Tuesday, August 5, 2008

boker's bitters

I recently became interested in making my own cocktail bitters in part to revive some old recipes I had been finding and in part to try my hand at creating some new ones. To do the latter, I wanted to try some of the former first.

Besides a few recipes in Imbibe, there were three good online resources that I found. Jamie Boudreau's How to Make Bitters post was the first I found and it gave the general breakdown of the bittering agent, the flavor, and the solvent besides giving a few recipes. The Art of Drink's bitters recipes collection was the next one that I discovered. I used the wide variety of bitters to plan out my botanicals order. And the last was a recent article I found in the
DrinkDogma
blog although I had already started my bitters project by the time I discovered this resource.

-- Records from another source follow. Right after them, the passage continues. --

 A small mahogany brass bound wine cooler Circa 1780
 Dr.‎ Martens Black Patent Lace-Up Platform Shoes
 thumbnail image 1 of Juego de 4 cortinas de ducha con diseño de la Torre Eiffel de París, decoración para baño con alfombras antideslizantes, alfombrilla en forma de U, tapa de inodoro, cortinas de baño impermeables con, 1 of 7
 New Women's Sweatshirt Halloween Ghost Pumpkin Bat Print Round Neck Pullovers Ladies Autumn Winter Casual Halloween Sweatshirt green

I started with Boker's Bitters which was in Boudreau's, Art of Drink, and Imbibe. The recipe in Imbibe gave a tip on halving the water added at the end to convert these old stomach bitters (meant to be drunk straight) to cocktail bitters (meant to be added dash-wise). I had ordered a bunch of herbs from the Hippies (read a livejournal post I wrote about it) to make this recipe and others, and a digital scale from eBay.
Here's my scaled down version of the recipe:
Boker's Bitters
• 5.6 grams Quassia
• 5.6 grams Calamus Root
• 5.6 grams Catechu (Betel Nut)
• 3.8 grams Cardamom Pods
• 7.5 grams Dried Orange Peel
Add 8 oz Bacardi 151. Stir daily. Let infuse for 10-14 days. Filter through a coffee filter. Rinse the botanicals twice with 8 oz of water and filter. Total volume is 24 oz. Bottle.
After the 12 days of soaking and two water rinses, these herbs looked rather pale like soggy wood chips instead of this bounty of color.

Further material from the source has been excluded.